Orędzia prezydenta Kaczyńskiego bardzo uważnie wysłuchały również sejmowe sprzątaczki. Relacja sprawozdawcy „Dziennika”: „Co on chrzani? – rzuca jedna z nich w stronę telewizora. – Co ty gadasz, dobrze mówi! Chrzanić to będzie zaraz Tusk. Znów nam opowie kilka bajeczek – broni prezydenta jedna z jej koleżanek. Ta jednak nie ustępuje. – On się w ogóle na ekonomii nie zna – kwituje i opuszcza pomieszczenie”.

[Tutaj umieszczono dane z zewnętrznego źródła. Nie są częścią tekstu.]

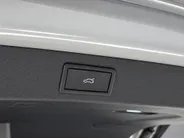 Škoda Kodiaq 1.5 TSI 204pk DSG PHEV Sportline Business · Panoramadak · Wegklapbare Trekhaak · Camera · Elek. Voorstoel · Elek. Achterklep · 19'' Inch · Garantie t/m 24-06-2030 of 100.000km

Inny obrazek pokazujący parlament od kuchni w „Fakcie”: „...byliśmy niezmiernie zaskoczeni, gdy zobaczyliśmy, jak kelnerzy w sejmowej kawiarni chodzą na palcach. Starali się też za bardzo nie brzękać naczyniami. Wszystko po to, by broń Boże nie obudzić pochrapującego w fotelu posła Andrzeja Bętkowskiego z PiS”. „Zjadłem obiad i musiałem się zrelaksować” – tłumaczył potem poseł.
Nareszcie ktoś o nas dobrze napisał. Roberto Polce, włoski pisarz, tłumacz i fotografik, w książce „Polska – błyskawiczne vademecum obyczajów i tradycji”: „Polacy, kłótliwi i anarchiczni w czasach pokoju, jak mało kto umieją się zjednoczyć w chwili zagrożenia. Nigdy się nie poddali. Temu narodowi nieustraszonych ludzi – lekkomyślnych szaleńców o ułańskiej duszy, jak insynuują niektórzy – historia przyznała w końcu rację”.
Naszą ojczyzną zachwyca się również znany brytyjski pisarz Frederick Forsyth, w szczególności zaś jednym z kandydatów do Parlamentu Europejskiego. „Polska to wielki kraj ze wspaniałymi ludźmi, którzy zasługują na godną reprezentację w Brukseli. Michał Kamiński jest odpowiednią osobą do tego zadania” – ogłasza autor „Psów wojny” na stronie internetowej Kamińskiego.